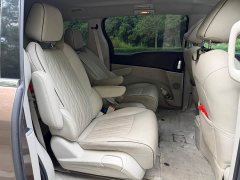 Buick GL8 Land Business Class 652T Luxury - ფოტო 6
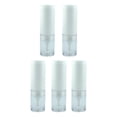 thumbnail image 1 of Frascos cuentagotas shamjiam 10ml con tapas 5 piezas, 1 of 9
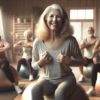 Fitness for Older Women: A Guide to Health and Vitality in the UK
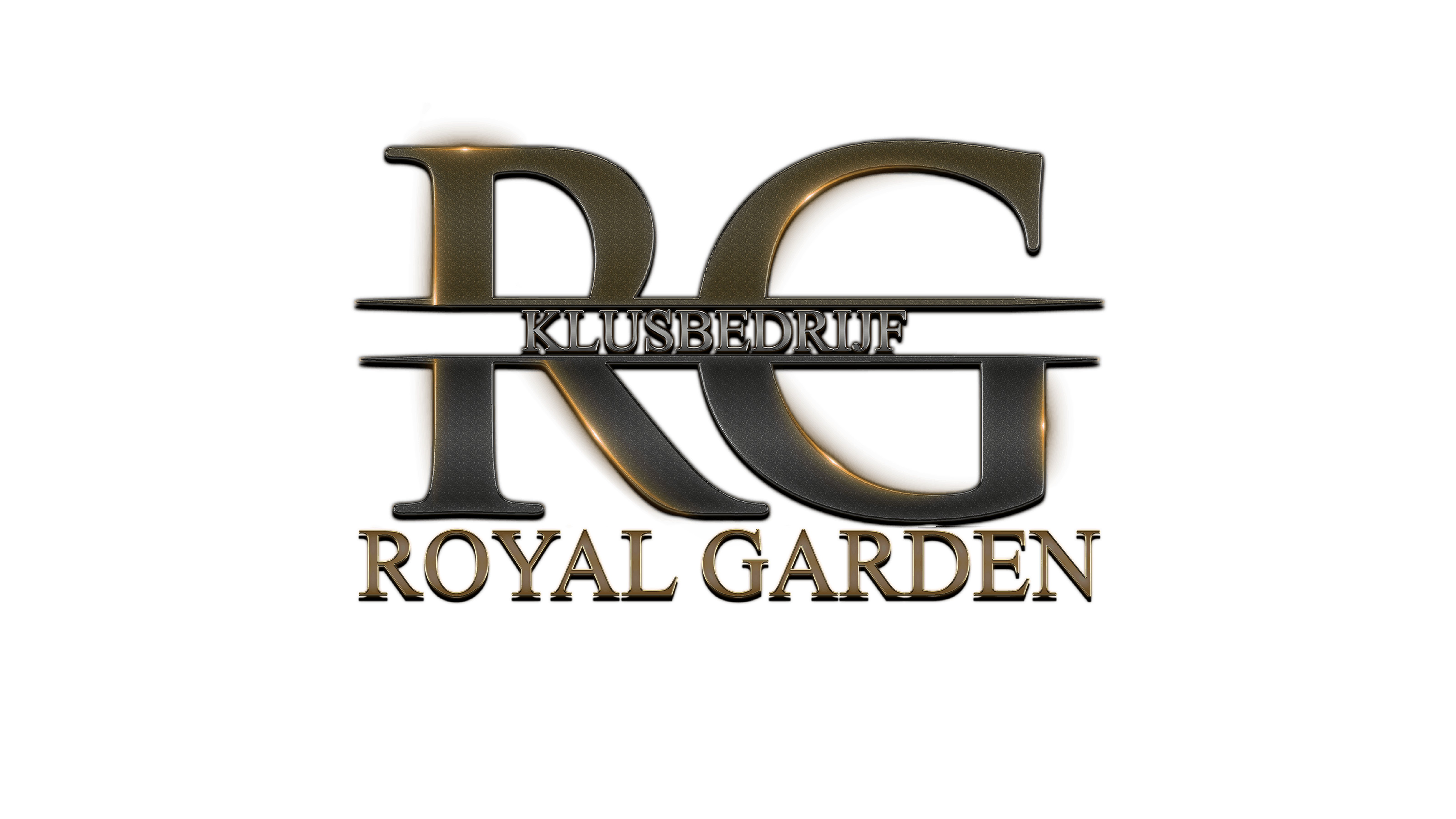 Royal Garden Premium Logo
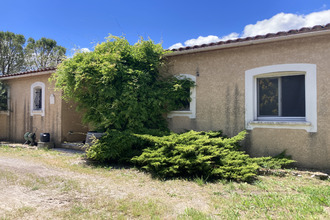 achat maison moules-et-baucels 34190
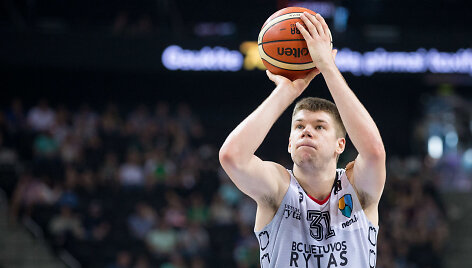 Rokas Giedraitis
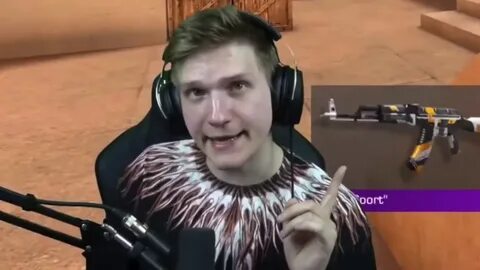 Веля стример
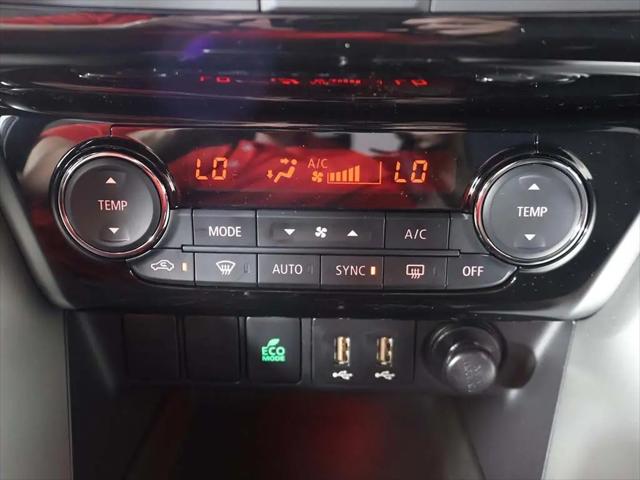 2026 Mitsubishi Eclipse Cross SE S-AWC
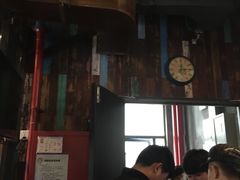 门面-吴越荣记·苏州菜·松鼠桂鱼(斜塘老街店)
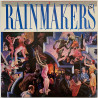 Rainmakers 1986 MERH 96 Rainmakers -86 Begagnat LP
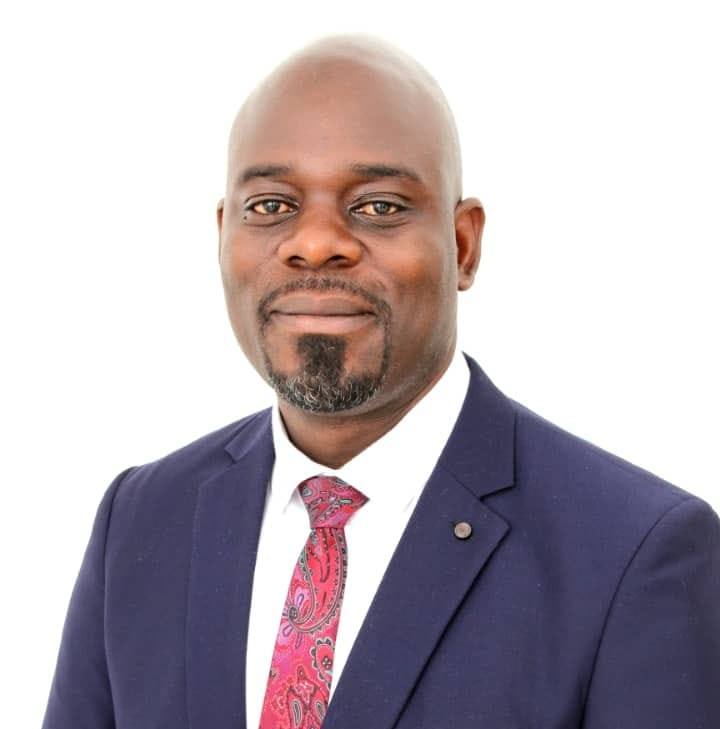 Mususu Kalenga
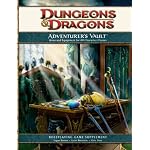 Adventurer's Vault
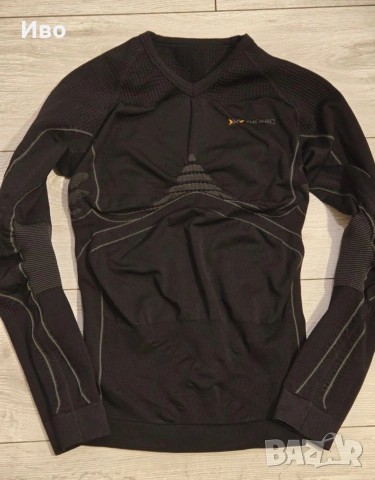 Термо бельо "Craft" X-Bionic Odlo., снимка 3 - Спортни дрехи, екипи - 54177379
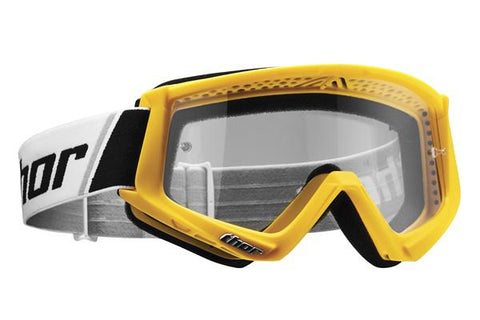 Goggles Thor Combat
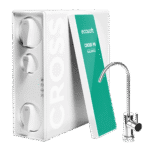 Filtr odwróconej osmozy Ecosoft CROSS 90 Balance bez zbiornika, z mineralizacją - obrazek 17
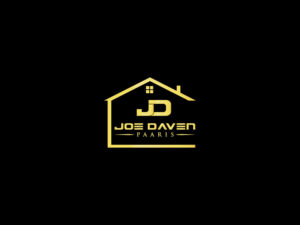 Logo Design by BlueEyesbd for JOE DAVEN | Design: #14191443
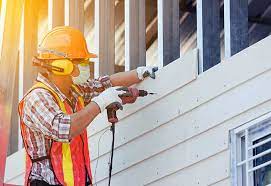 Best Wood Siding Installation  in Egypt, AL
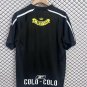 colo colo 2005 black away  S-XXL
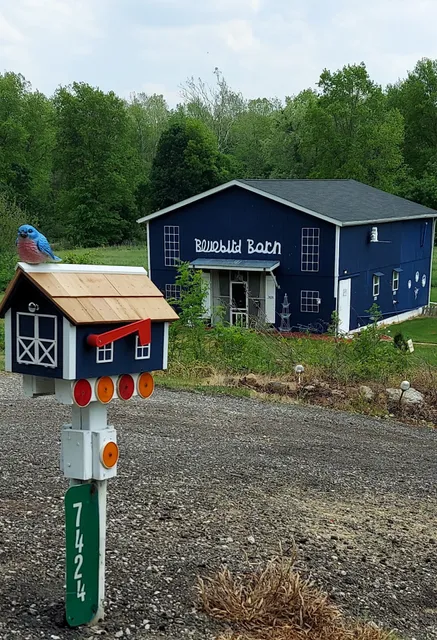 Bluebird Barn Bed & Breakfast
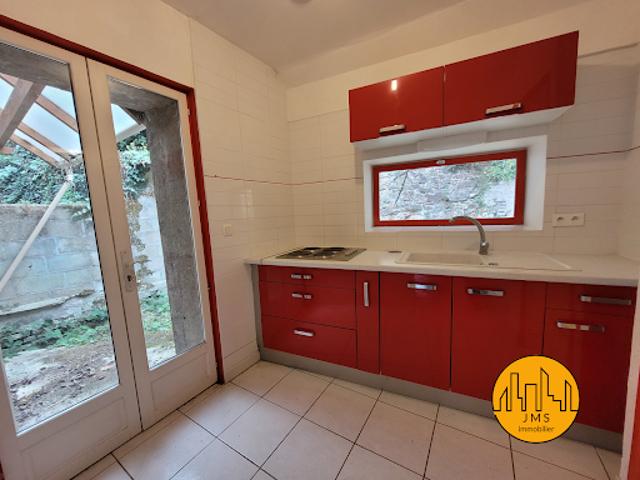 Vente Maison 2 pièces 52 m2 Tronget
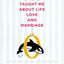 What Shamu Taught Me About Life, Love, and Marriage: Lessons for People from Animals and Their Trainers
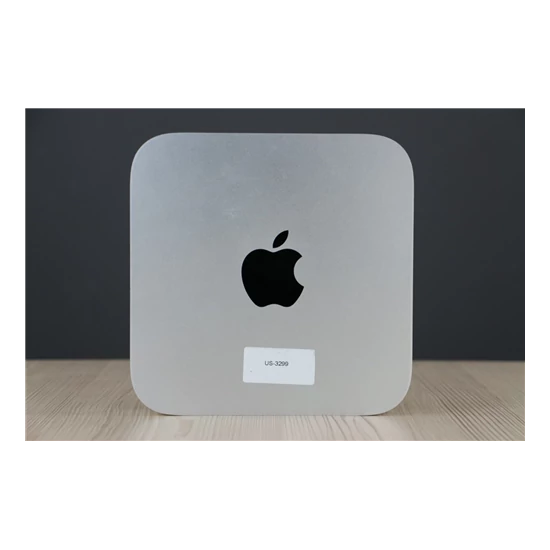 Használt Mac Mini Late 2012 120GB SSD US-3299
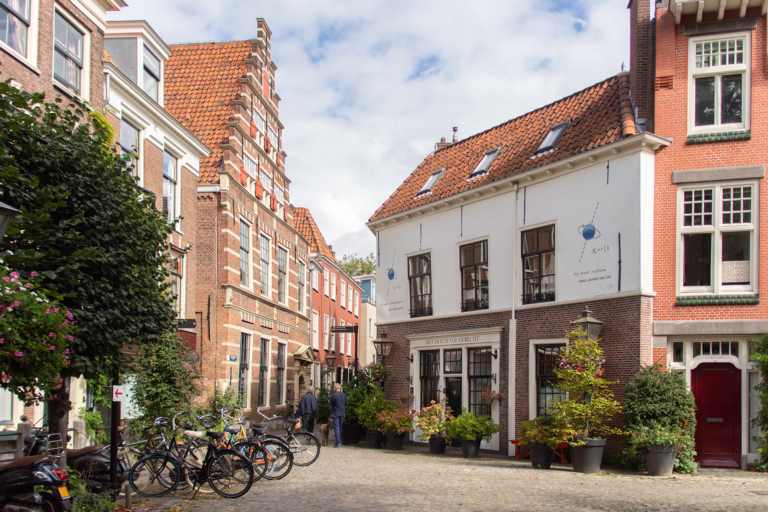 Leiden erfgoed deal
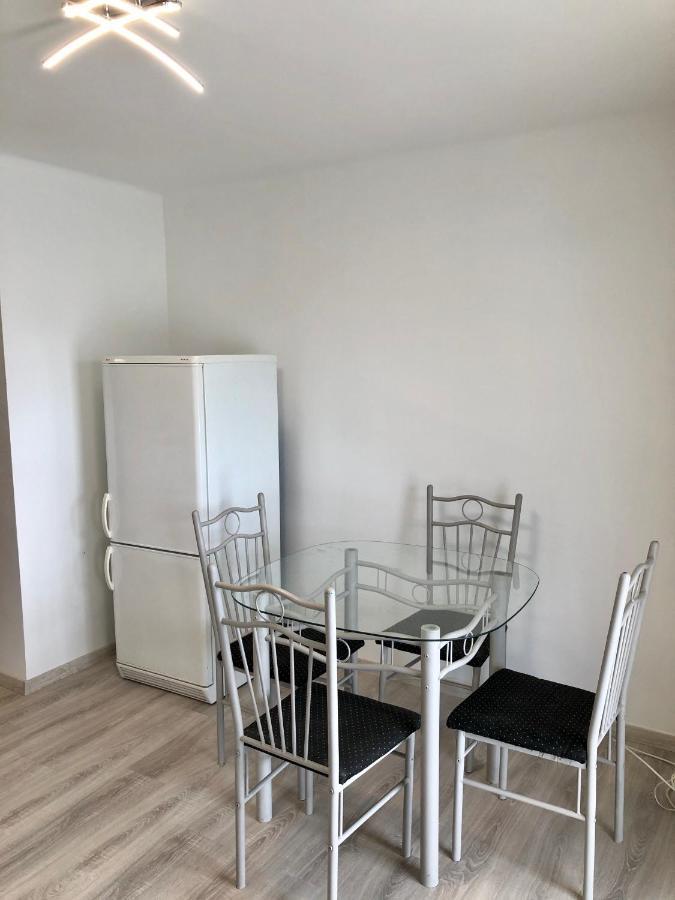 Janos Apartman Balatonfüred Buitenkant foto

* [AIM OF THE TASK] Print the lines from the one that contains "Mususu Kalenga" through the final line of the material above, exactly and only those, with pictures left out.

* [ANSWER TO THIS EXERCISE]
 Mususu Kalenga
 Adventurer's Vault
 Термо бельо "Craft" X-Bionic Odlo., снимка 3 - Спортни дрехи, екипи - 54177379
 Goggles Thor Combat
 Filtr odwróconej osmozy Ecosoft CROSS 90 Balance bez zbiornika, z mineralizacją - obrazek 17
 Logo Design by BlueEyesbd for JOE DAVEN | Design: #14191443
 Best Wood Siding Installation  in Egypt, AL
 colo colo 2005 black away  S-XXL
 Bluebird Barn Bed & Breakfast
 Vente Maison 2 pièces 52 m2 Tronget
 What Shamu Taught Me About Life, Love, and Marriage: Lessons for People from Animals and Their Trainers
 Használt Mac Mini Late 2012 120GB SSD US-3299
 Leiden erfgoed deal
 Janos Apartman Balatonfüred Buitenkant foto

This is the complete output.